Tuesday, November 15, 2016

Without Misinformation, Facebook Will Have Nothing Left Except Selfies

Without seeing the Clintonnage on Facebook, there's not likely a way to appreciate the bilious blast of bombastic bullshit which was coming relentlessly from that medium.  Facebook is like the worst nookie you ever had in your life since nothing comes out of it but that spared you all of that rubbish.  That saved your vestal souls from it but the E.S.F. (Extended Swamp Factor) was killing people with all the methane online.  (RT:  Facebook to crack down on spread of misinformation)

I got so sick of that tedious rot I've hardly been back to Facebook since.  Here's another slam of how Facebook fails.  (Huffington Post:  Bernie Sanders Could Replace President Trump With Little-Known Loophole)
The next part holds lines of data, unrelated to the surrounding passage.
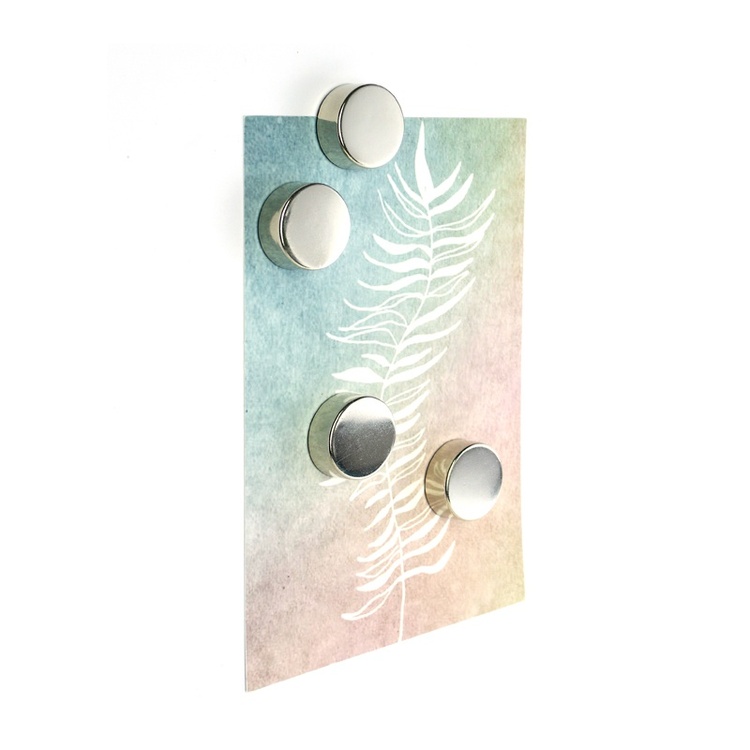Magnets Extra Strong, Set of 4, SILVER, Ø 2,3 x H 0,9 cm, Silver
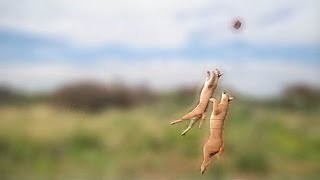 Caracal jump [upl. by Notnef]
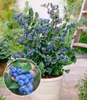 A potted blueberry plant with ripe berries, with a close-up inset of a hand holding a cluster of blueberries. Produktbild-Vorschau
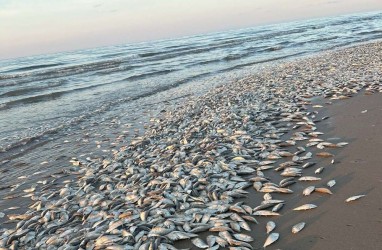 Puluhan Ribu Ikan Mati di Teluk Meksiko, Gara-gara Kekurangan Oksigen!
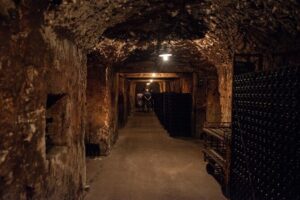 Reims afternoon tour Champagne and family growers - Stop 1 in Champagne-Ardenne: the first 90 minutes and the first three pours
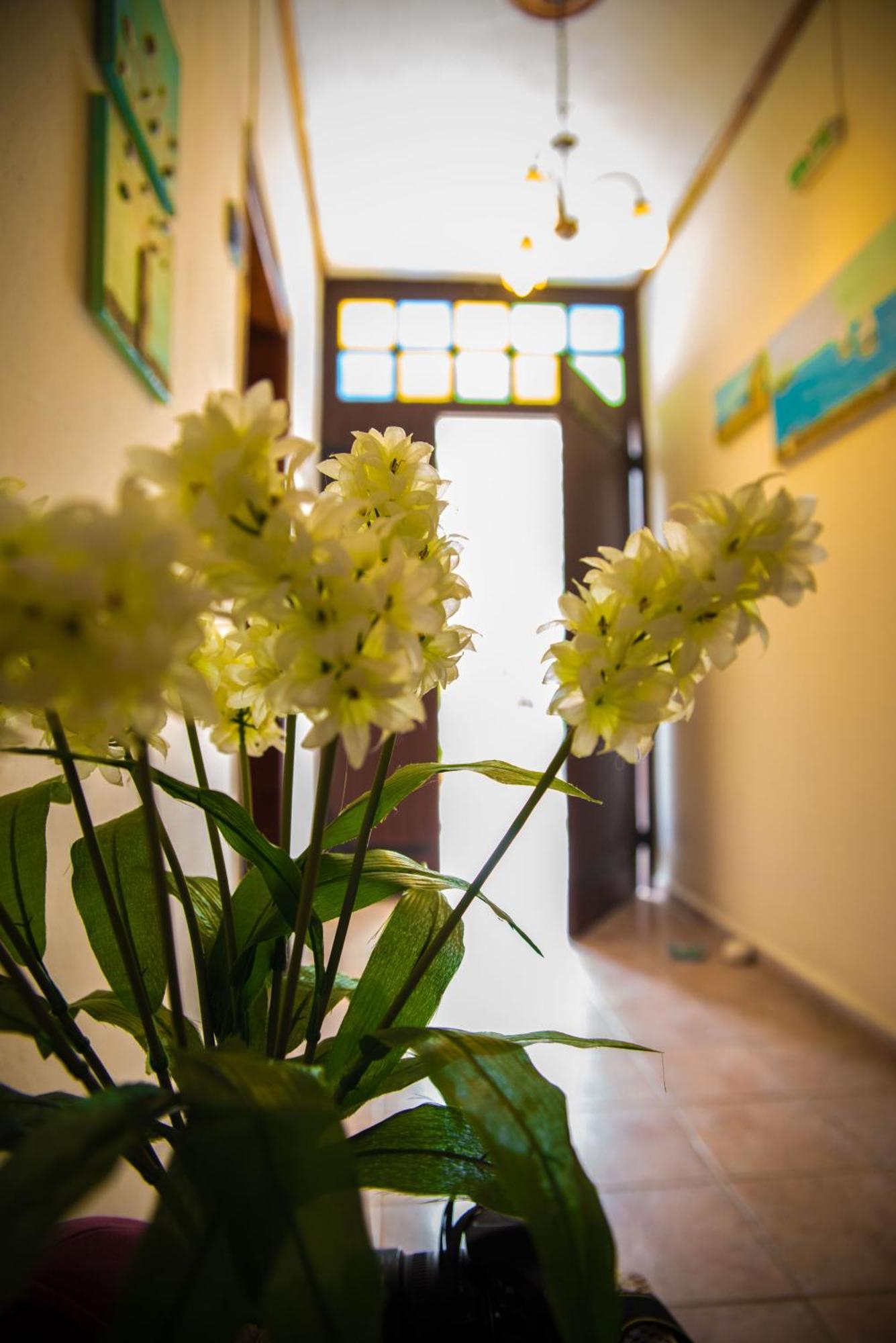Olga Studios Áfissos Pokoj fotografie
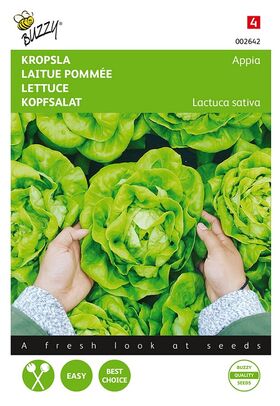 Laitue Appia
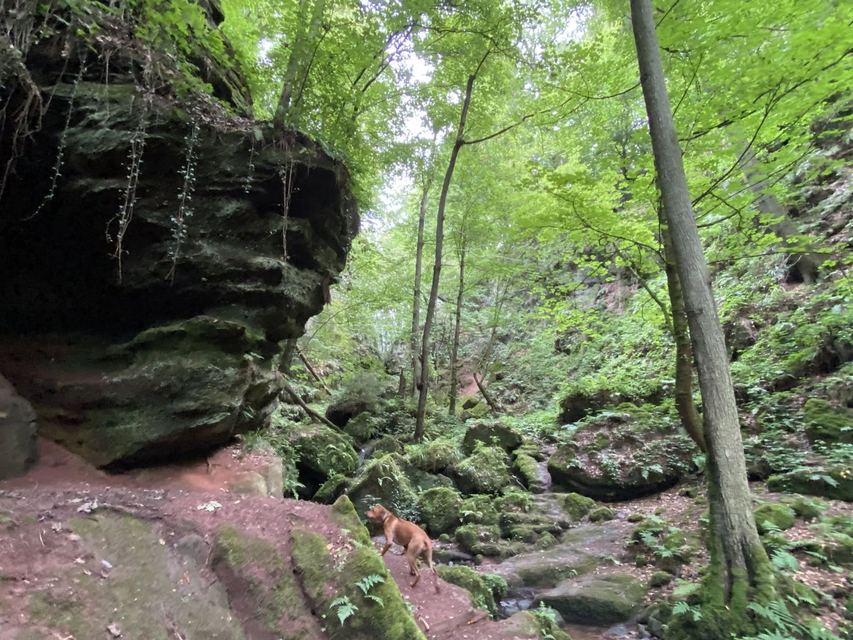 Freudenburg — Parc naturel Sarre-Hunsrück — photo 23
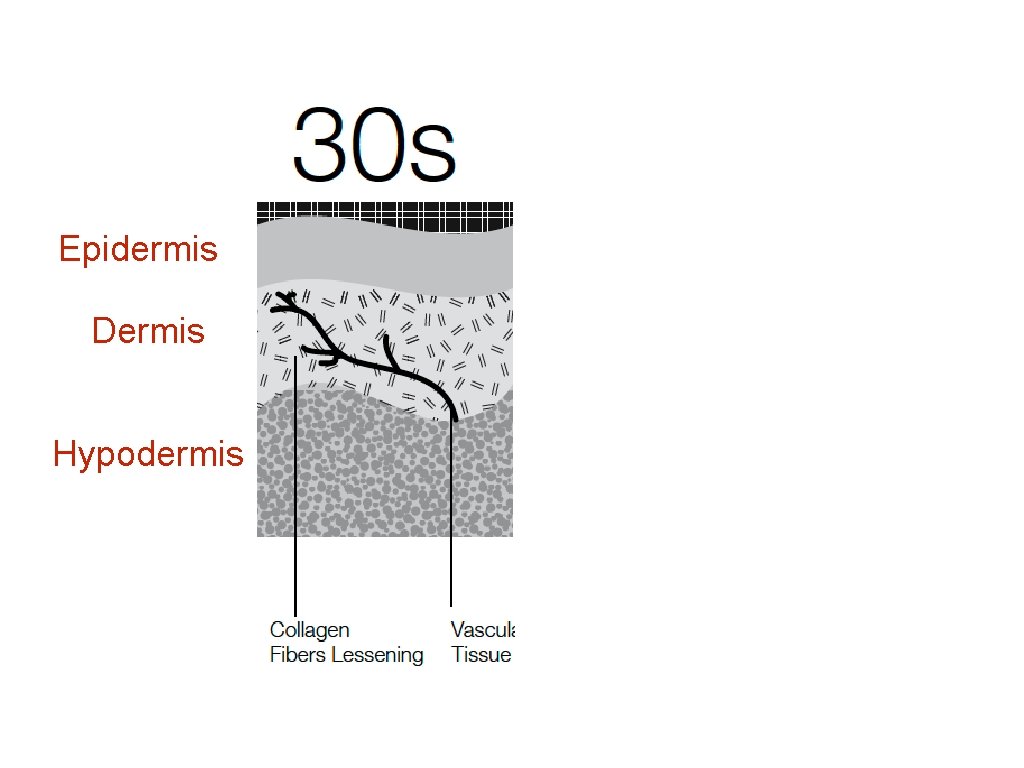 Epidermis Dermis Hypodermis 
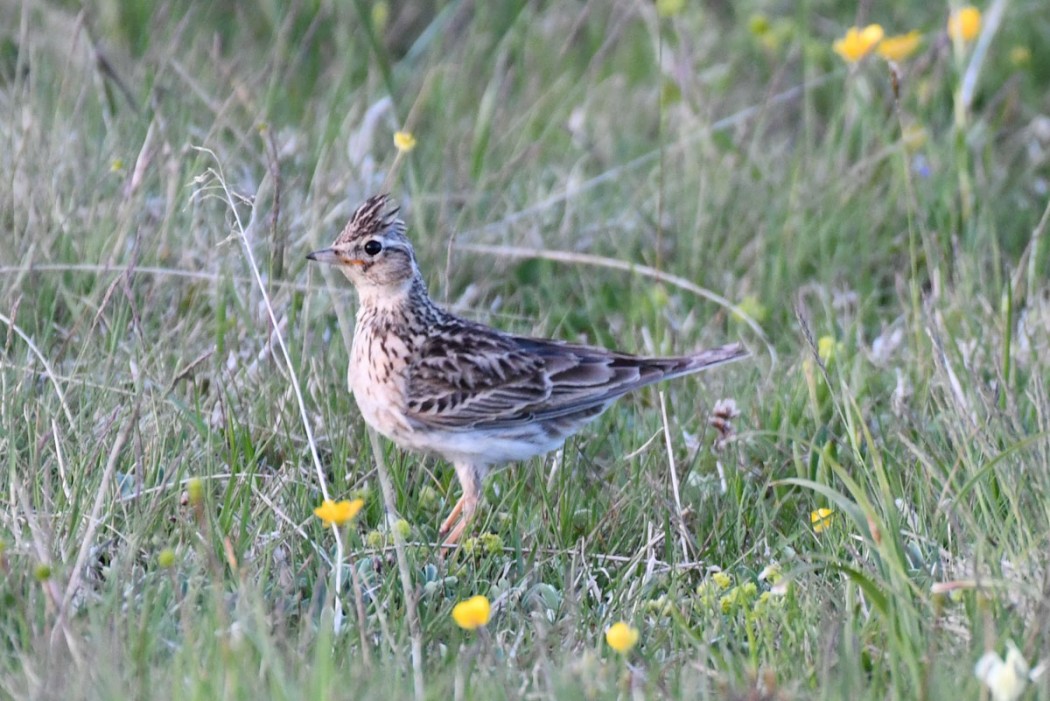 Eurasian Skylark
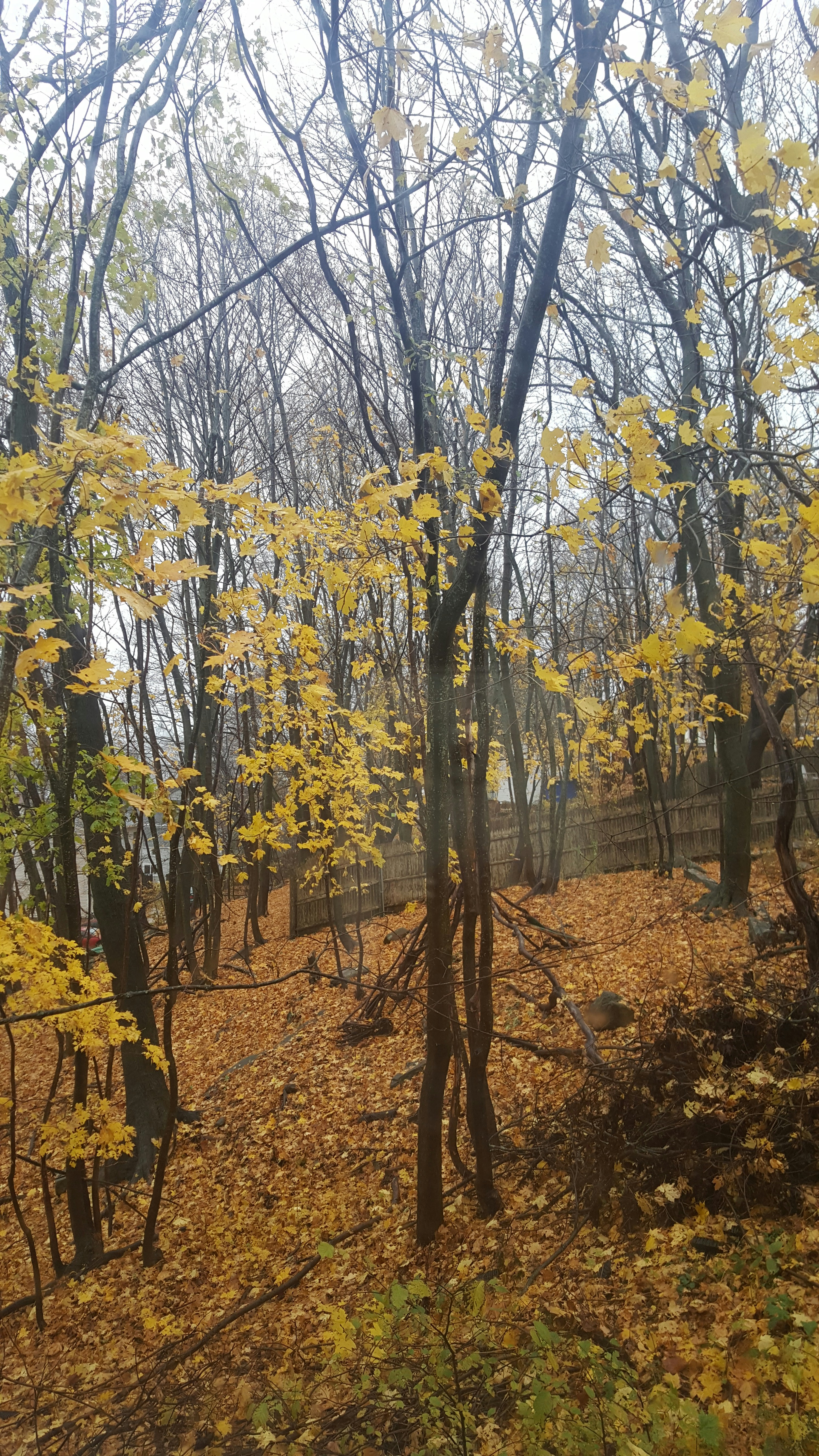 Free Unsplash photo from Aasha Edwards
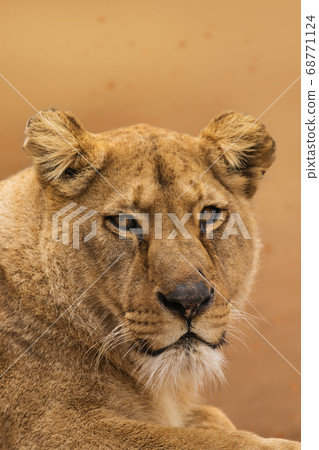 Portrait of a female lion starring Portrait of a female lion starring 68771124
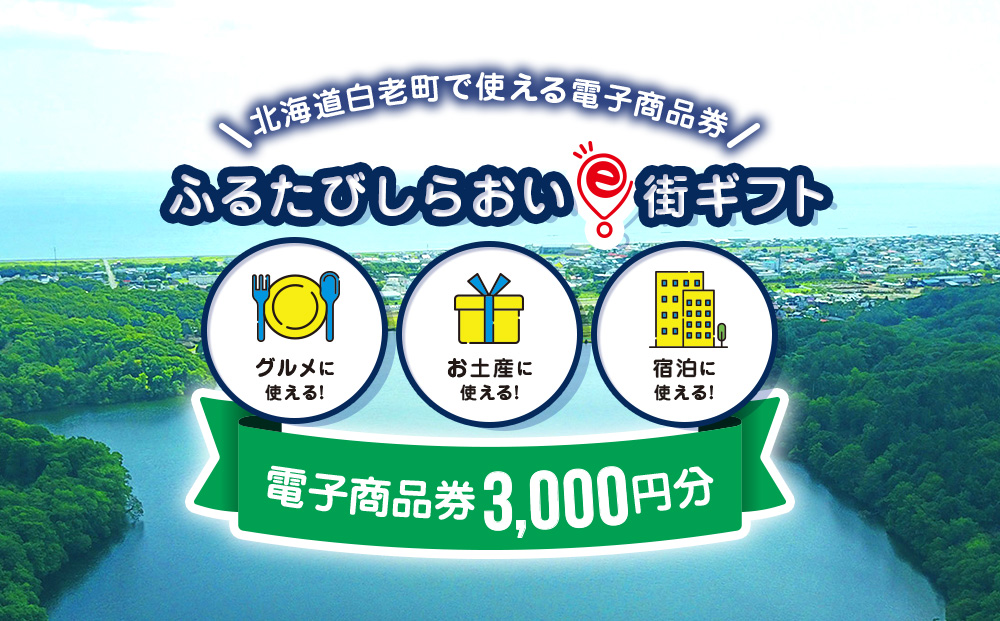 【ANAの旅先納税】ふるたびしらおいe街ギフト　3,000円分 EG002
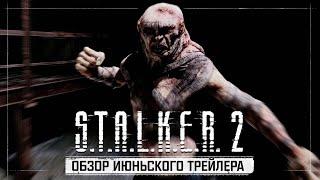 Разбор трейлера S.T.A.L.K.E.R. 2 Сердце Чернобыля c презентации Xbox Games Showcase 2024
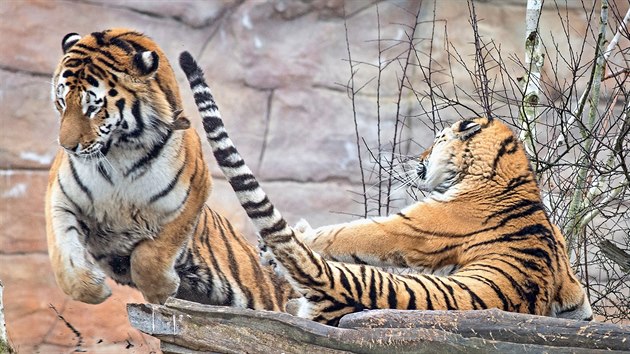 V noru mohli nvtvnci hlubock zoo sledovat tyg nmluvy.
Zucky (his friends call him Zucky) hasn't been having such a good year.  First his satellite blew up when SpaceX tried to launch it.  Next his candidate got stomped into high-cholesterol paste in Central Park and on national TV.  Now Zucky is called to task for running such a squalid sewer of irresponsible muckraking, journalistic fabrication, and openly biased representation.

Damn, ain't that a bitch.


Forty-four percent of people get their news exclusively from social networks and Facebook has been running up a list of embarrassing fiascoes even faster than Hillary Clinton.

Ed:  must run in the family.

It does seem so.

Ed:  probably those are the people who did not vote for the election.

Au contraire.  Those are the people who did vote and we embrace their anarchy.

Ed:  but Facebook was pushing Clinton!

Yah but they sucked at it.  They never considered one of the Most Important Aspects of the Day:




In one way we admire Zucky since Bill Gates made billions selling software which doesn't work but Zucky made billions selling software which doesn't do anything.  That's genius Wall Street will always respect and, next thing we knew, Barry was inviting him to the White House for tea.